== Provided records ==
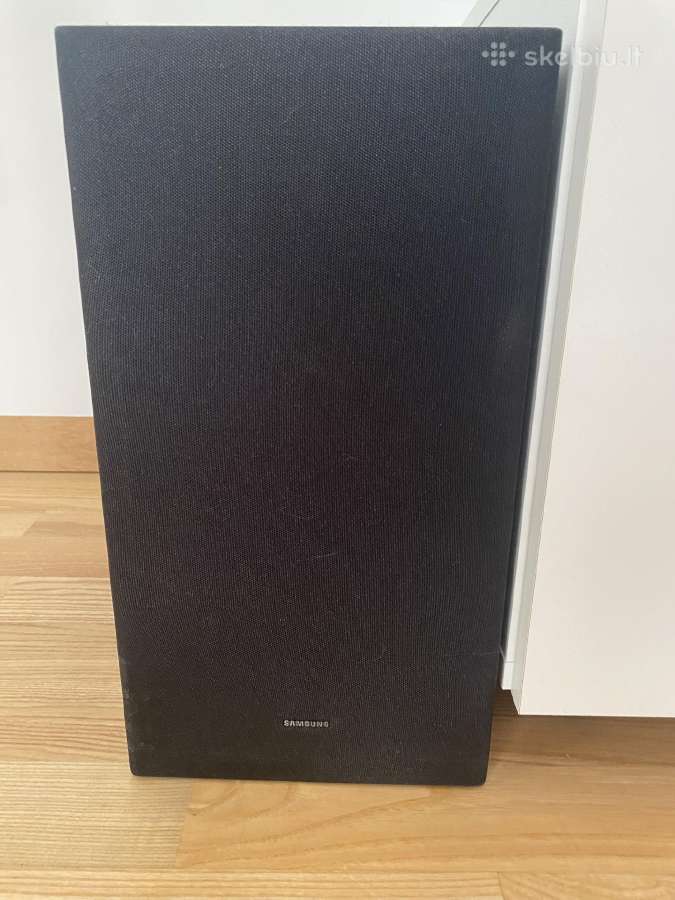 Samsung Soundbar Hw-b450f 2.1, 300w - nuotraukos Nr. 2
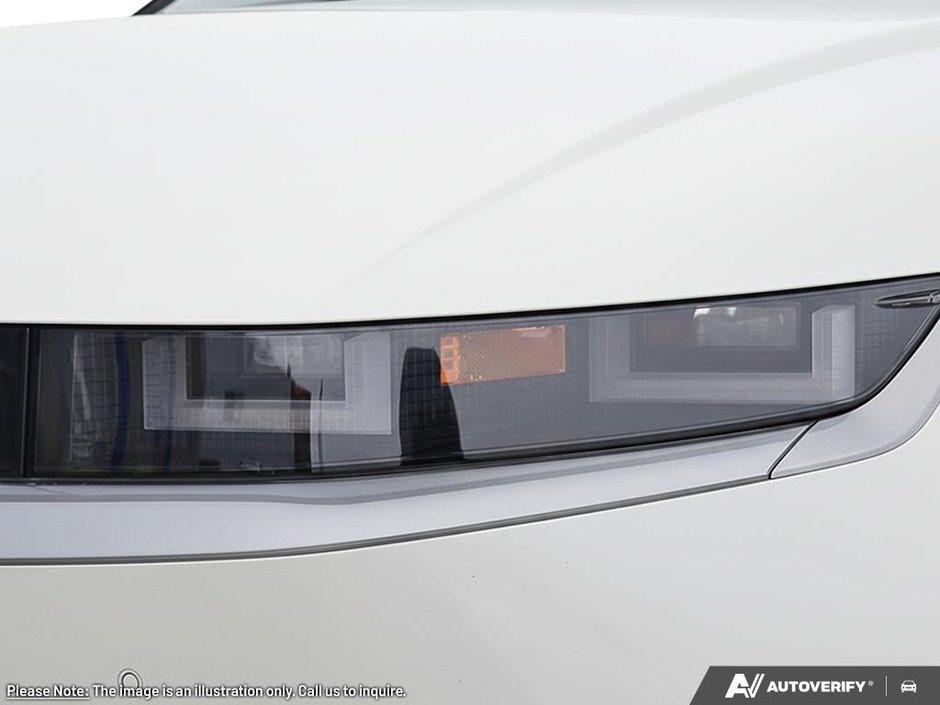 2026 Hyundai Ioniq 5 Preferred AWD Long Range with Ultimate Package-8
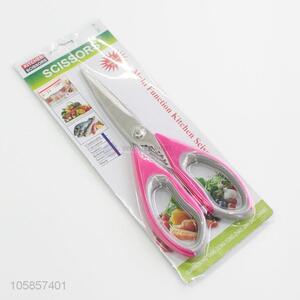 Cheap Price Kitchen Vegetables Cutting Scissors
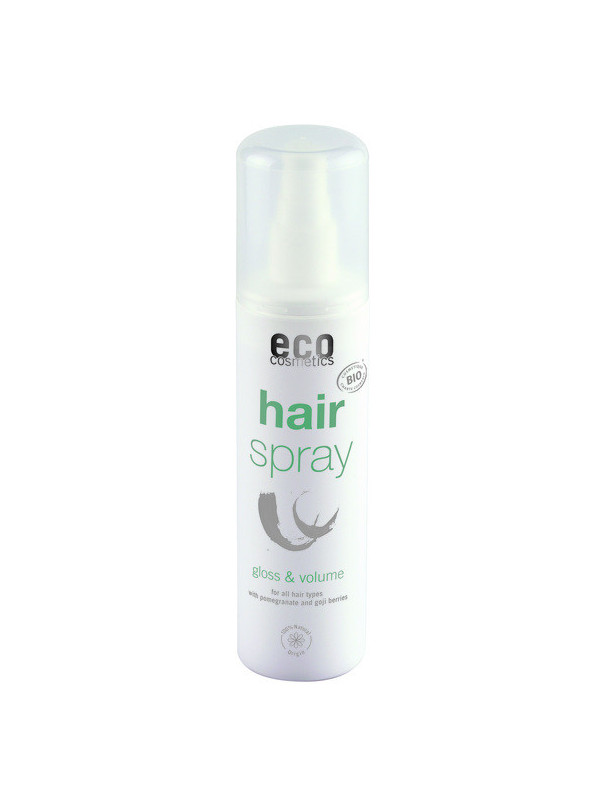 Spray fixativ bio cu goji si rodie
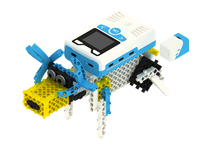 Robot de Codificación sin Pantalla con Tarjetas de Programación, Juguete Educativo STEM para Niños, Robot de Programación Basado en Tarjetas para Aprendizaje Temprano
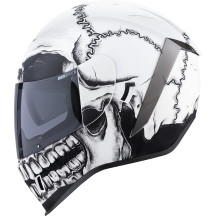 Airform™ Crestfallen MIPS® Casco — M, Blanco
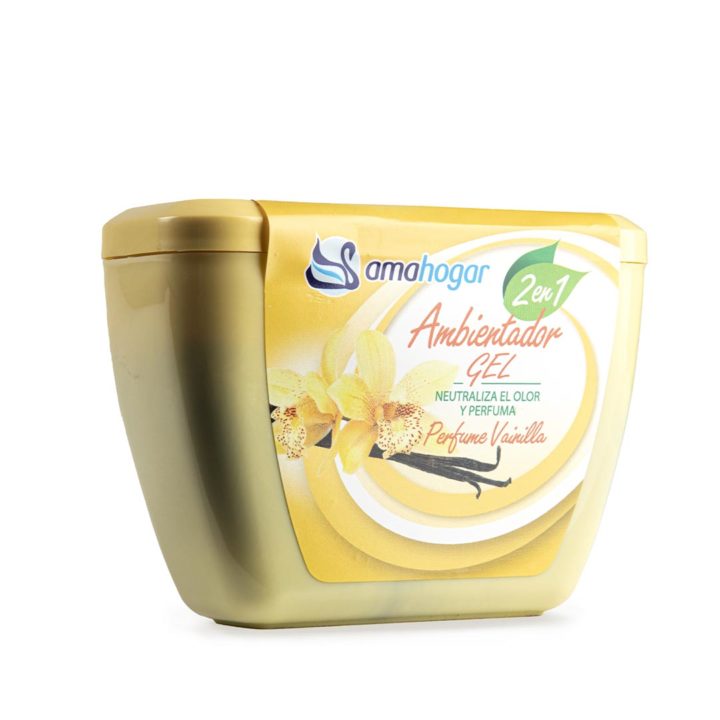 Amahogar - Neutralizador De Olores Y Aromatizante En Gel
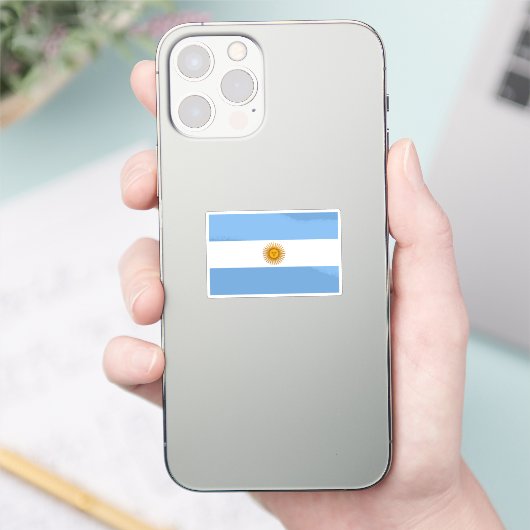 Argentinië Sticker (Telefoon)
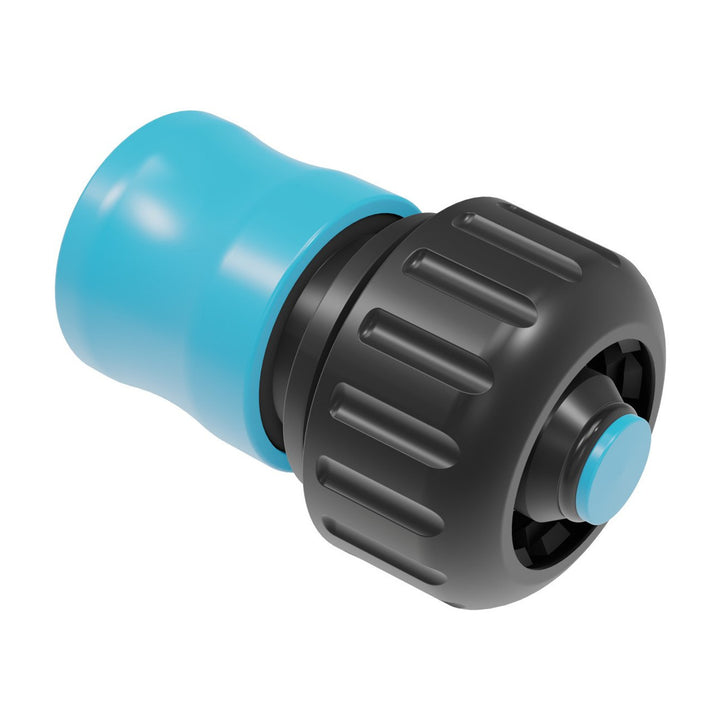 Conjunto de jardim Cellfast, mangueira Smart ATS 3/4'' 25m, carrinho Aluplus 1/2'' 60m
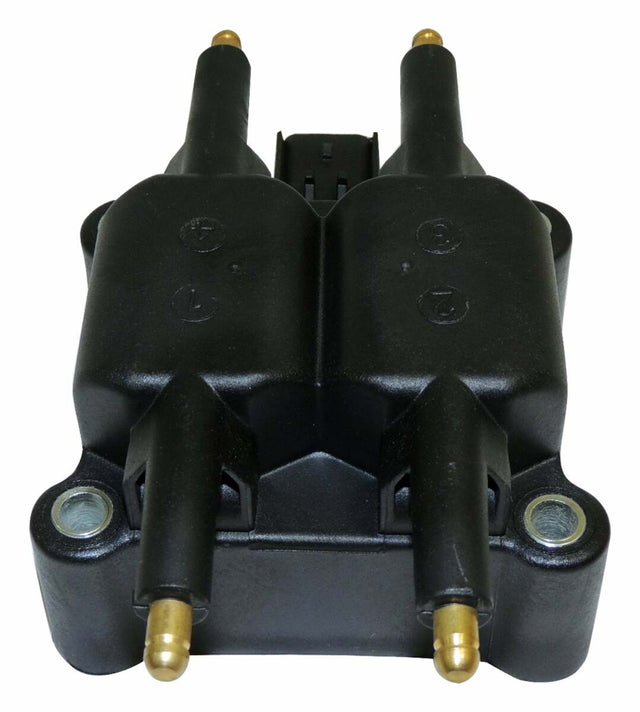 Jeep Metal Black Ignition Coil - 5269670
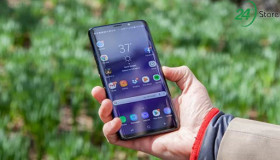 Samsung Galaxy S10: màn hình không viền, quét vân tay toàn màn hình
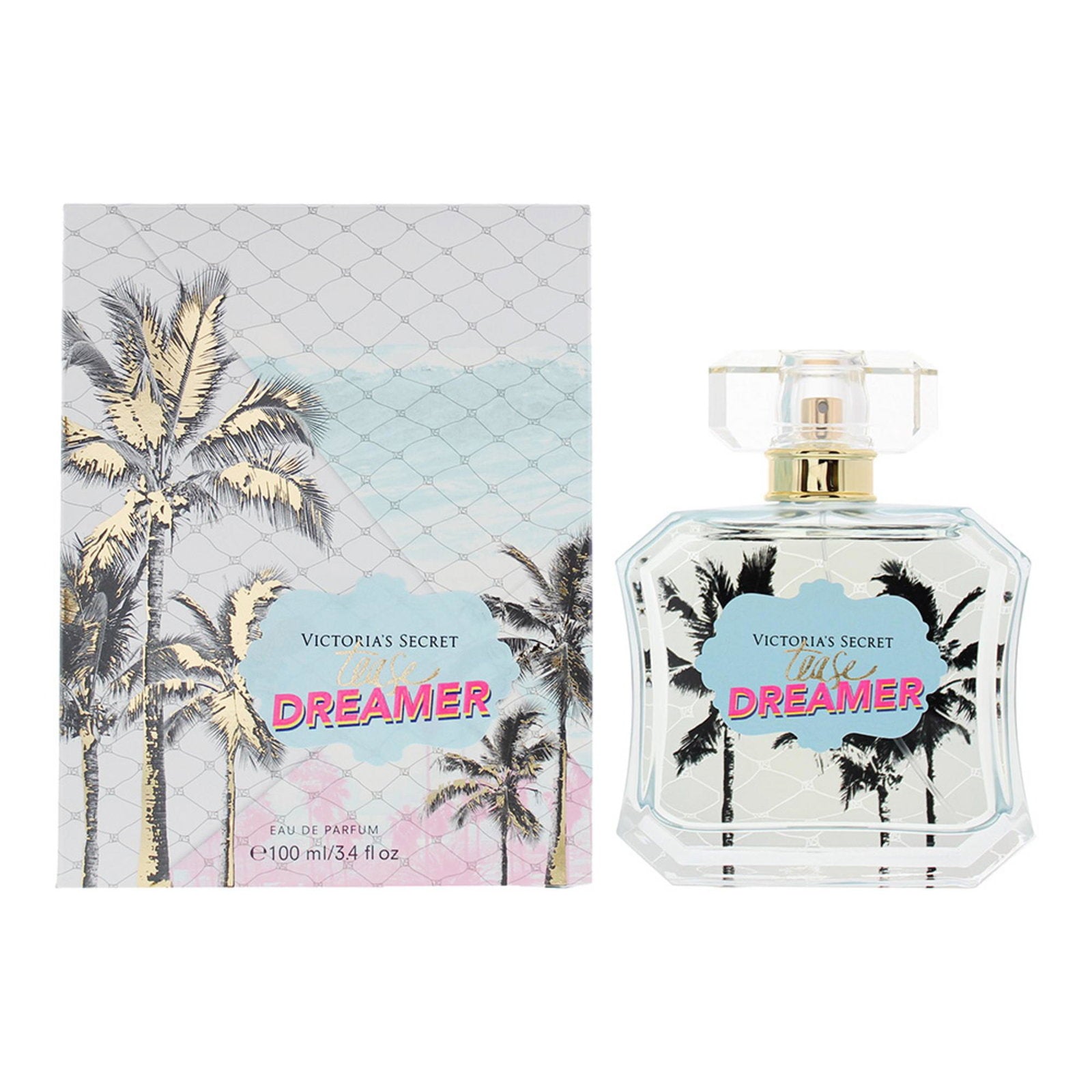 Victoria's Secret, Tease Dreamer, Parfymvatten, För kvinnor, 100 ml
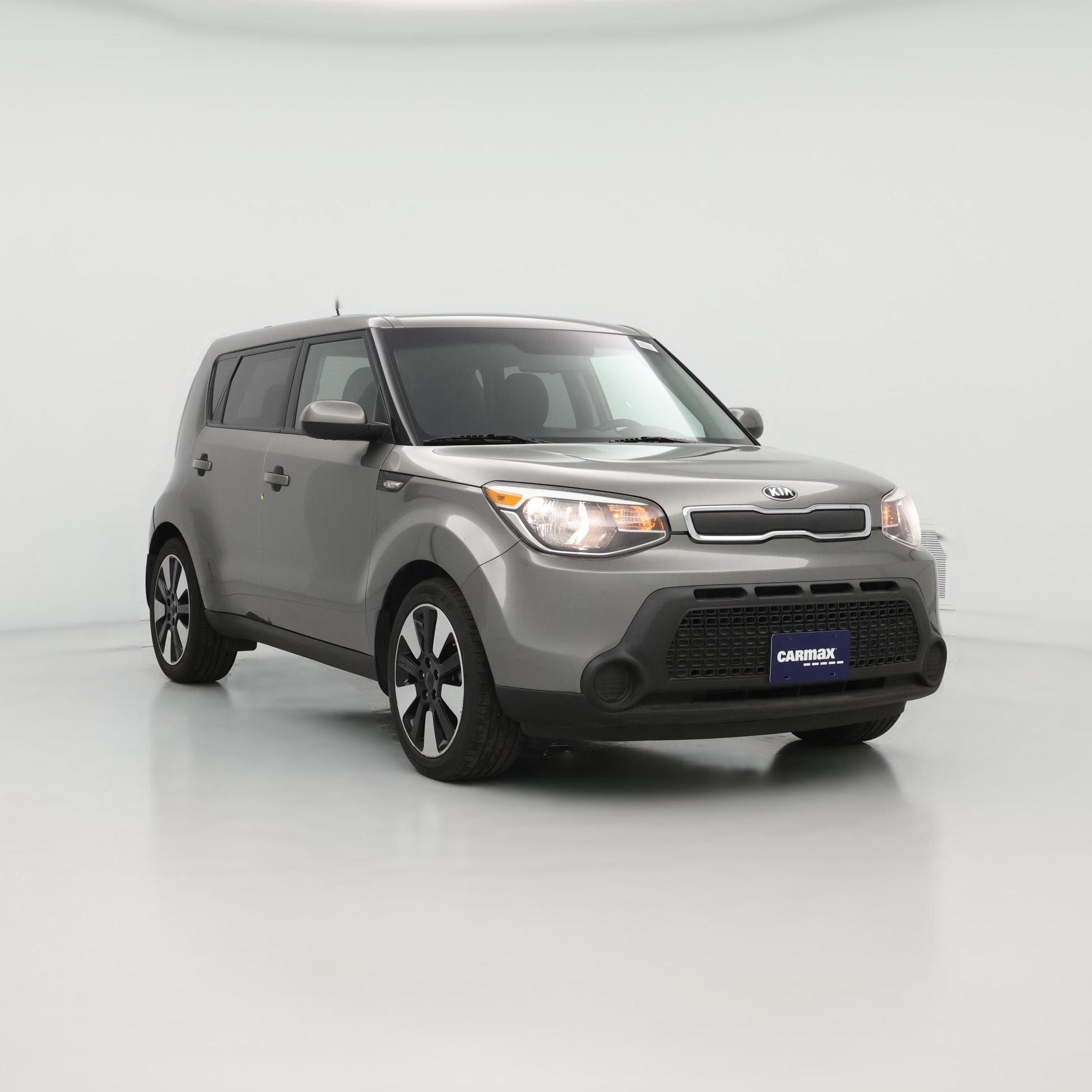 Thumbnail: 2014 Kia Soul - 1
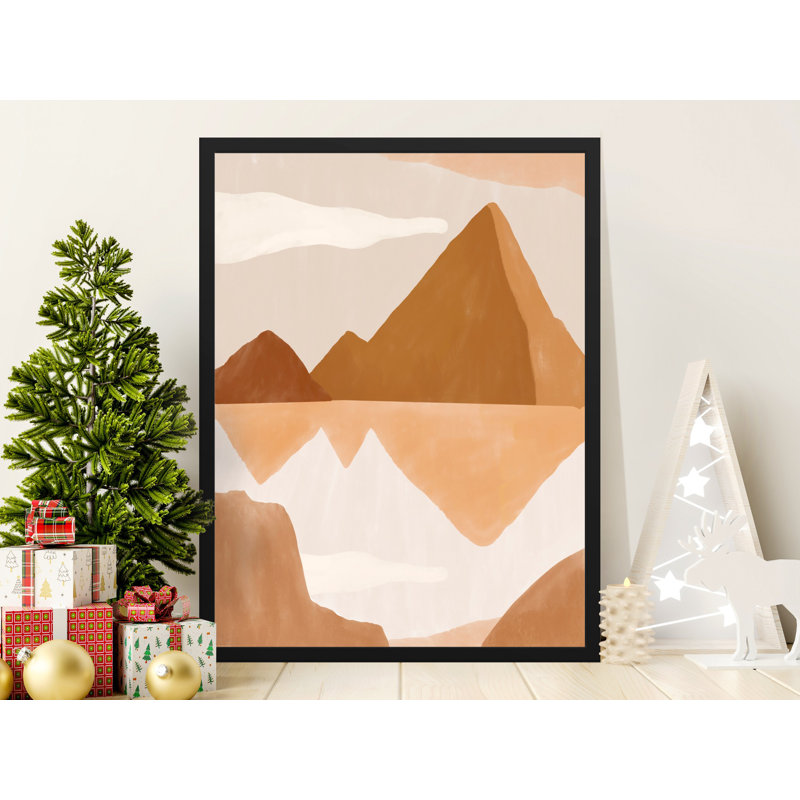 Charlinda Single Picture Frame Print, 40.64 cm H x 30.48 cm W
===
-- Task details --
What is needed is a word-for-word repeat of every line from the line with "Thumbnail: 2014 Kia Soul - 1" to the end of the entries above; leave out the pictures.

-- Exercise response --
 Thumbnail: 2014 Kia Soul - 1
 Charlinda Single Picture Frame Print, 40.64 cm H x 30.48 cm W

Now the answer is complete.